_Assigned task_
Every line below should be copied exactly; drop the pictures.

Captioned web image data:
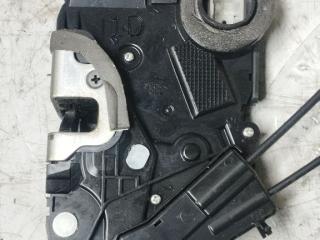 замок двери передней левой Toyota Yaris XP9 (2005 - 2009)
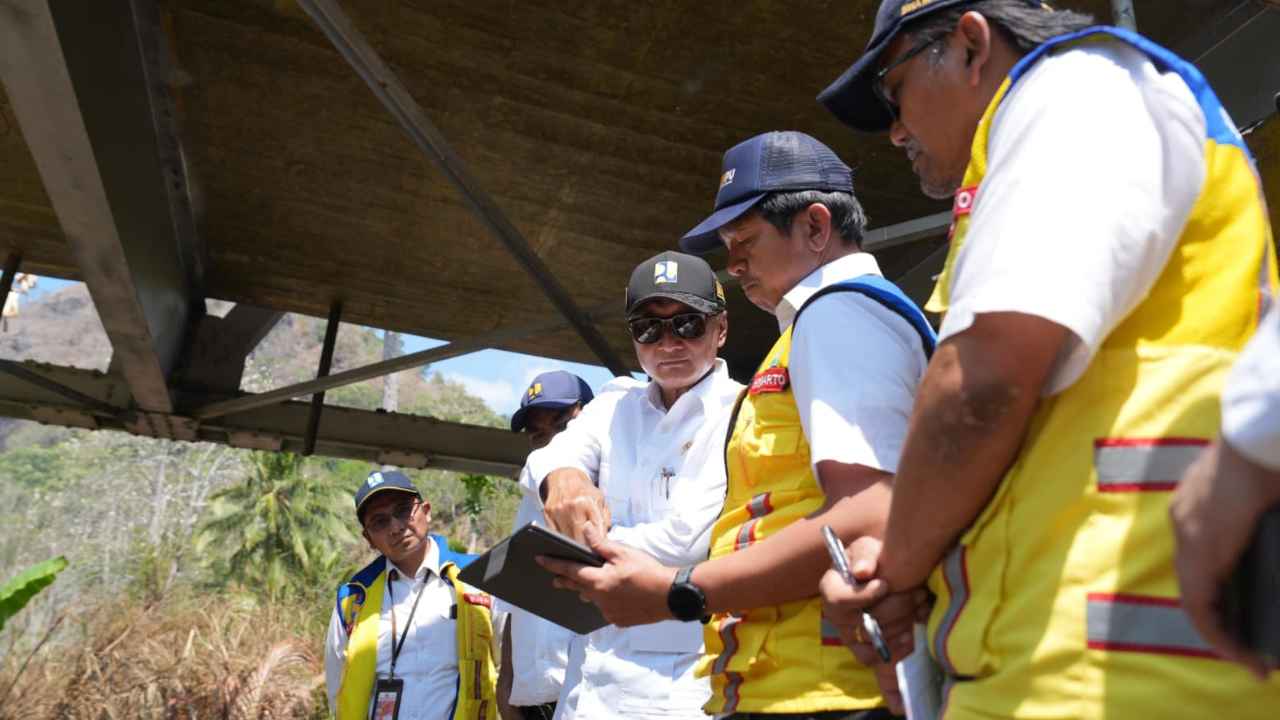 Menteri PU Dody Hanggodo memimpin koordinasi Satgas Tanggap Darurat Infrastruktur untuk penanganan bencana di Indonesia.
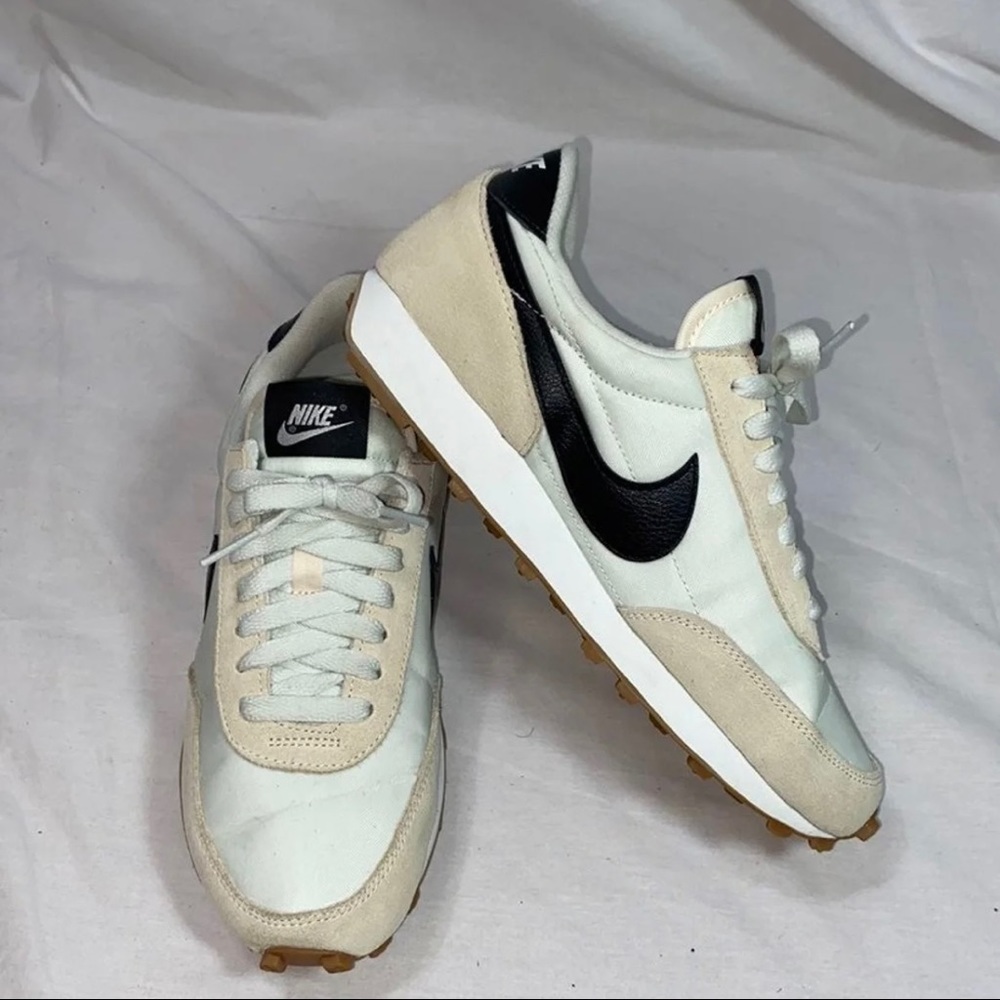 Nike Daybreak - Pale Ivory/Black/Spruce Aura -W7.5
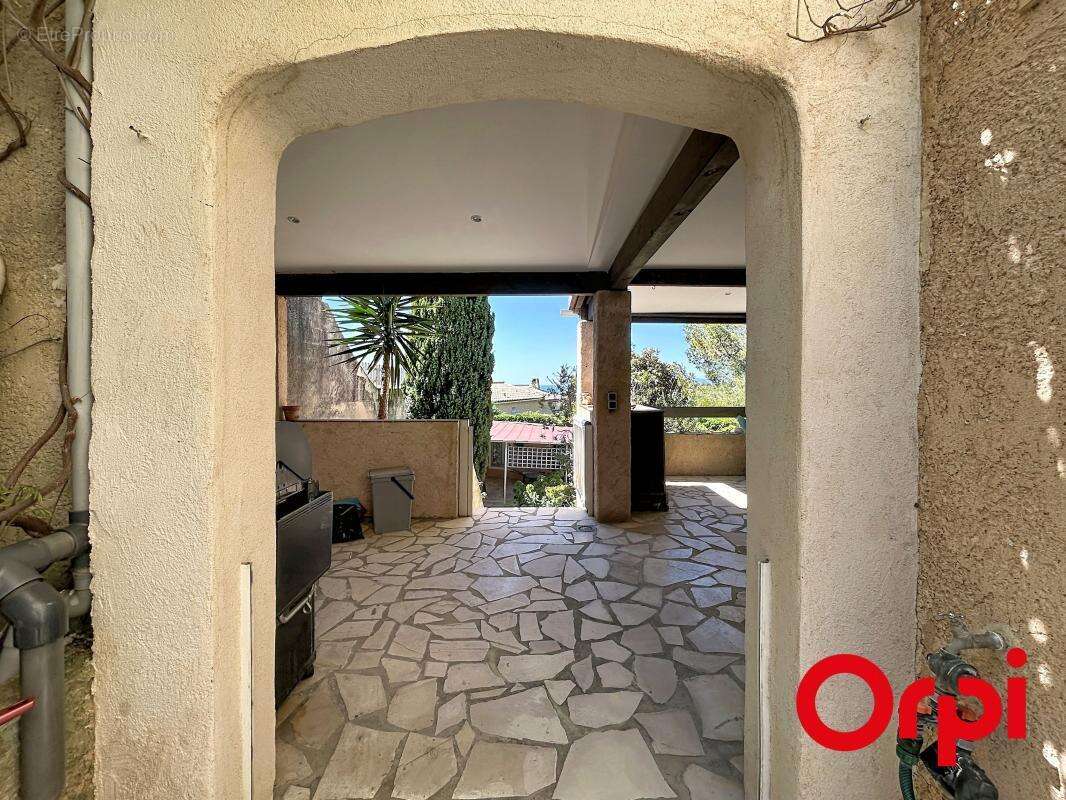 Maison à SIX-FOURS-LES-PLAGES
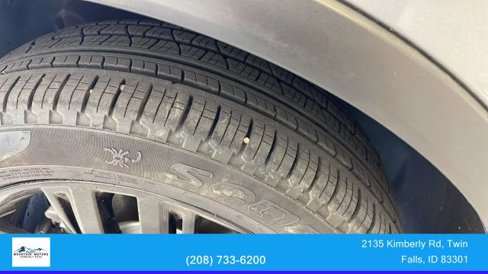 Used 2022 Volkswagen Tiguan SE R-Line image 9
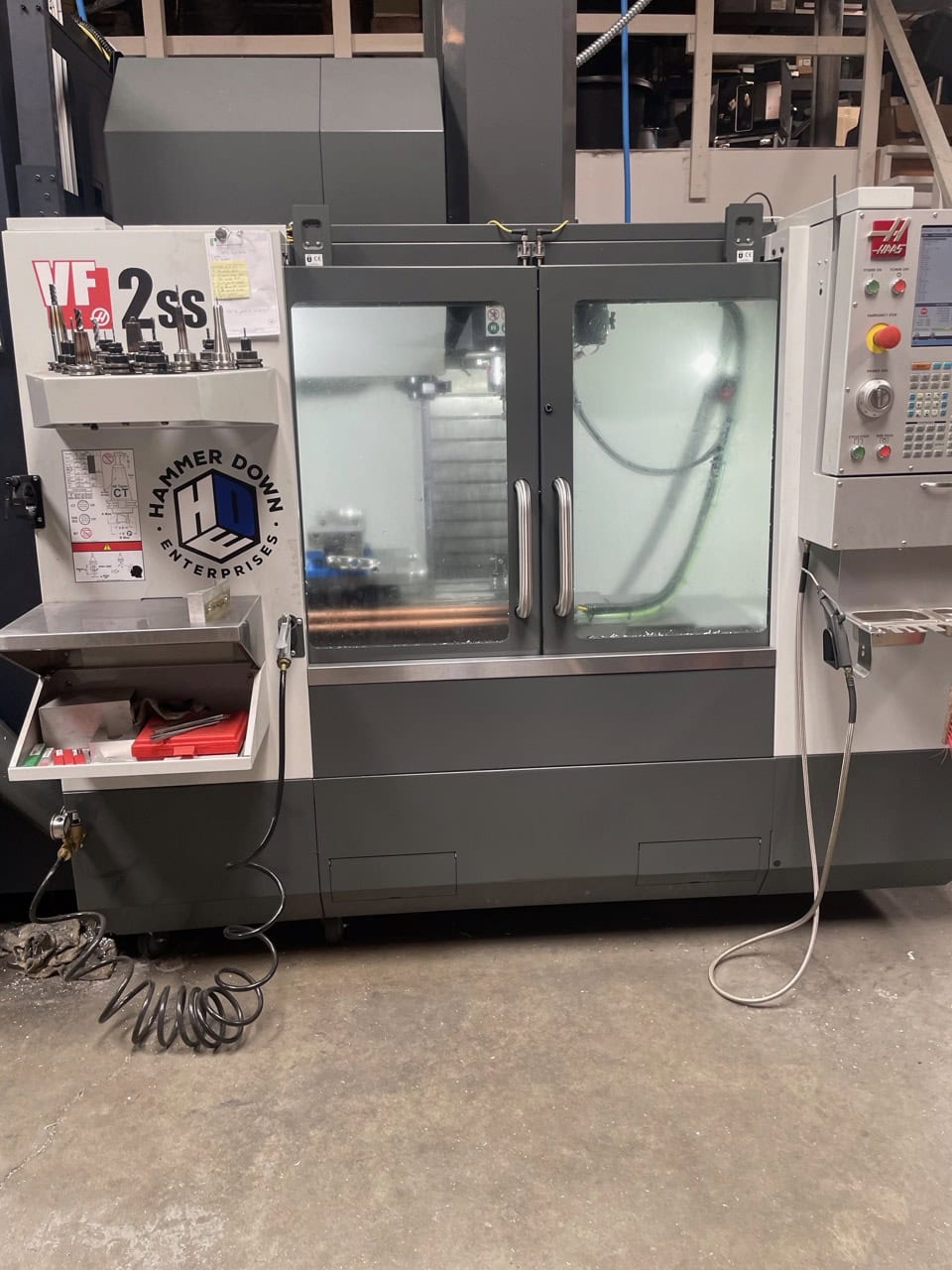 Haas VF-2SS VMC, 2023 - TSC, WIPS, Multi Auger, Auto Window, High Pressure Coolant, HSM, Programmable Coolant - Image 2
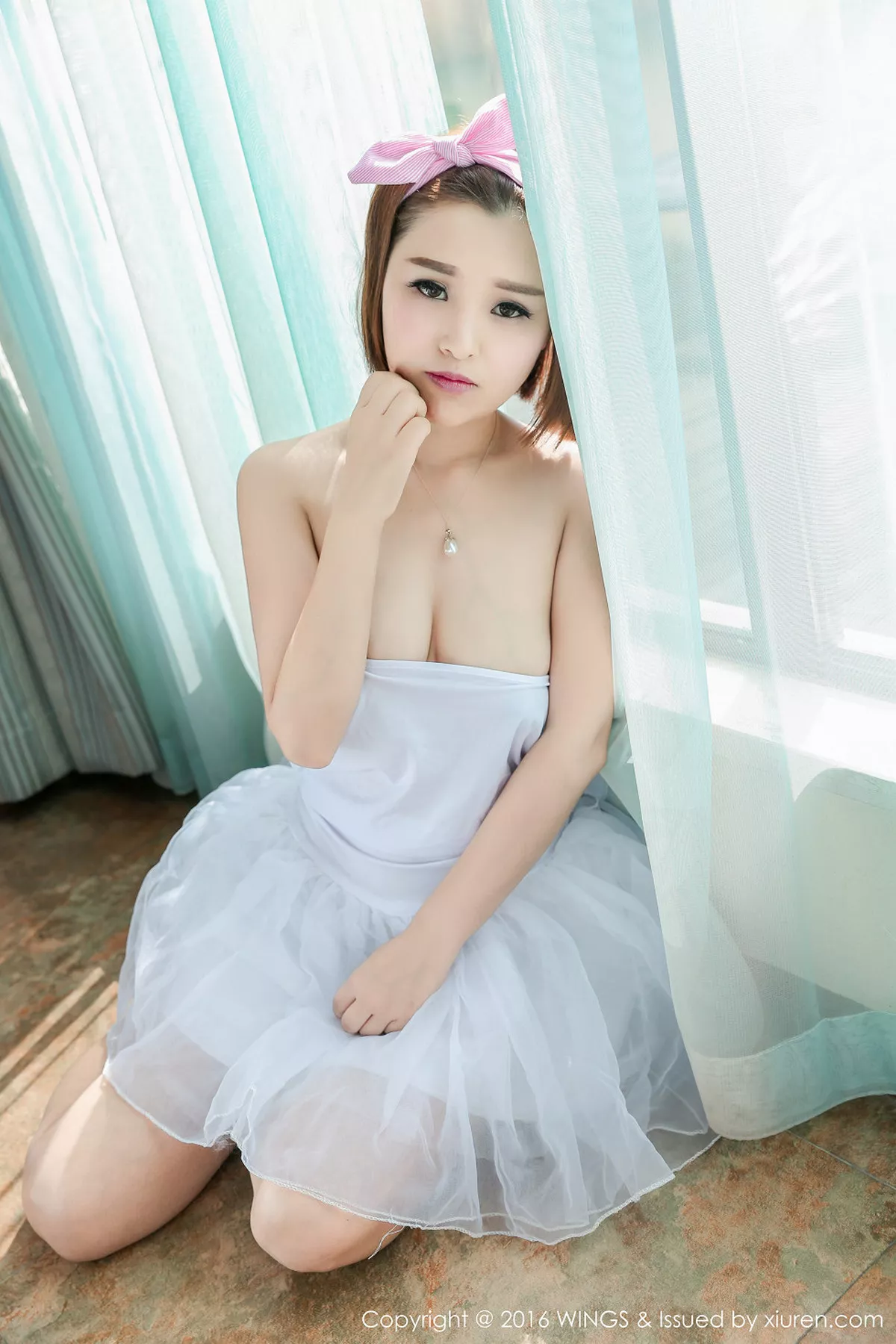 秀人集.com_[WingS影私荟]Vol.016_嫩模吉雅子居家私房性感女仆装傲人美胸纯美迷人写真52P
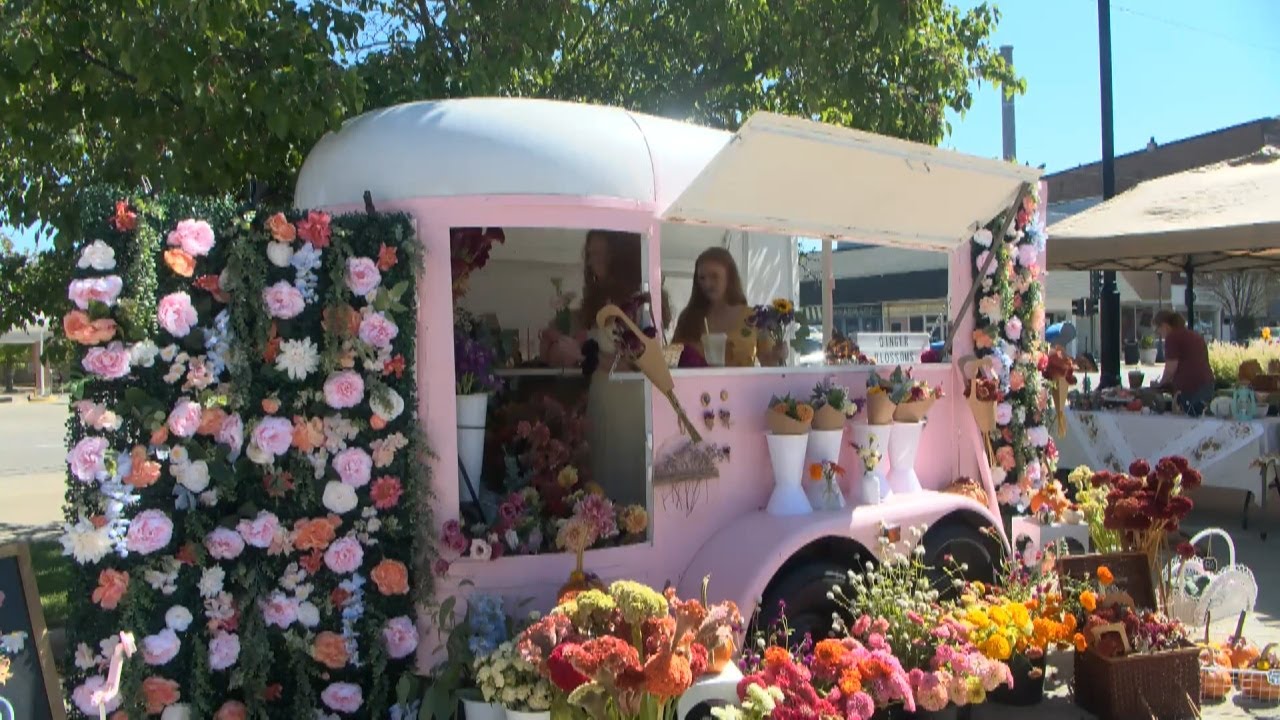 Buzzing with excitement: Paris Honeybee Festival kicks off with 40 vendors and live music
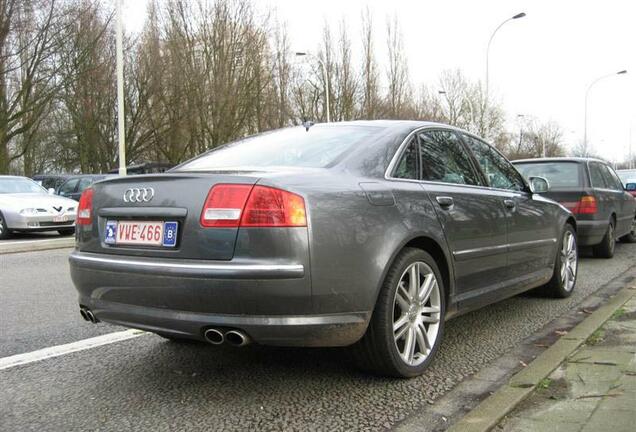 Audi S8 D3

_Written reply_
 замок двери передней левой Toyota Yaris XP9 (2005 - 2009)
 Menteri PU Dody Hanggodo memimpin koordinasi Satgas Tanggap Darurat Infrastruktur untuk penanganan bencana di Indonesia.
 Nike Daybreak - Pale Ivory/Black/Spruce Aura -W7.5
 Maison à SIX-FOURS-LES-PLAGES
 Used 2022 Volkswagen Tiguan SE R-Line image 9
 Haas VF-2SS VMC, 2023 - TSC, WIPS, Multi Auger, Auto Window, High Pressure Coolant, HSM, Programmable Coolant - Image 2
 秀人集.com_[WingS影私荟]Vol.016_嫩模吉雅子居家私房性感女仆装傲人美胸纯美迷人写真52P
 Buzzing with excitement: Paris Honeybee Festival kicks off with 40 vendors and live music
 Audi S8 D3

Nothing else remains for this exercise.